Marie
We leven weer volgens de wintertijd. Klok uurtje terug, ’s morgens eerder licht, ’s avonds uurtje eerder donker. Best gezellig, kaarsje en waxinelichtjes weer tevoorschijn gehaald, kaneel aangevuld. Niks past beter bij de winter dan de geur van kaneel. Kaneel op de pannenkoeken, wentelteefjes, in de appelmoes, over het stoofvlees en de stoofpeertjes. Nee, ik hou wel van de wintertijd. Bij mij geen dip.
Alle klokken, tot op die van mijn fornuis, en mijn horloge een uurtje achteruit gezet. De eerste wintertijdochtend ging het goed, dacht ik. Maar de maandag daarna niet. Ik stond op in de vroege ochtend. Mijn hele leven al een ochtendmens. Niks aan de hand, hoewel ik het wel nog erg donker vond en erg stil in mijn straat. Nog geen bouwvakkersbusje te horen. Gedoucht en aangekleed de trap af. Alweer geen krant in de bus, stelde ik geïrriteerd vast. Dan maar het nieuws op de radio aan. Na een tijdje dacht ik: verkeerde zender want het interview over de geschiedenis van Amsterdam hield maar niet op. Andere zender geprobeerd. Weer geen nieuwsprogramma. En nog steeds pikdonker buiten. Onzin die wintertijd, dacht ik chagrijnig, afschaffen maar.

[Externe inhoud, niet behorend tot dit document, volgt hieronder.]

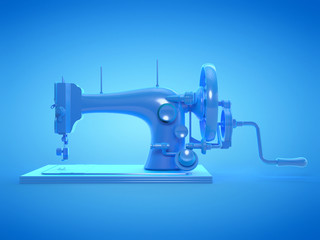 3d rendered illustration of a blue sewing machine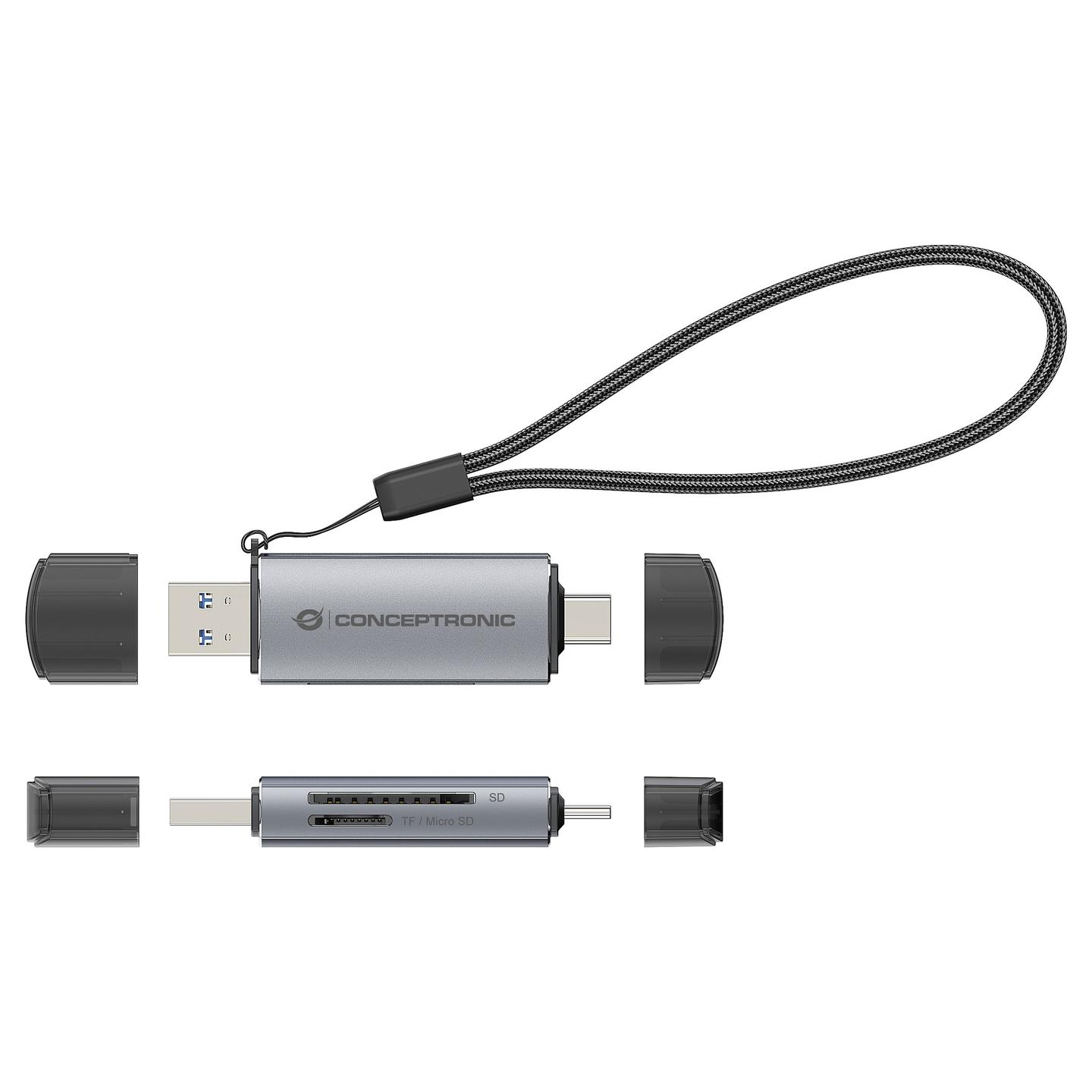 Lexues Kartelash Conceptronic BIAN05G / USB 3.0 / USB-A + USB-C / SD + MicroSD / UHS-I / 5Gbps / 2-Slot - Hiri - 6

Langzaam maar zeker ontstond toch het gevoel dat er iets niet klopte. Dat donker, de krant die er niet was, die stille straat, de kat die maar doorsliep op zijn kussen bij de verwarming… Dan maar het nieuws op mijn telefoon lezen, besloot ik. Ik klapte mijn telefoonhoesje open en na een druk op het aan-knopje verscheen de tijd. Ik ben best een net mens, maar ik ken ook een paar vloeken. Die schalden door de kamer. Wekkerradio naast mijn bed vergeten. Die stond nog op de zomertijd.
Wintertijd. Onzin, afschaffen! Bovendien is het nog herfst.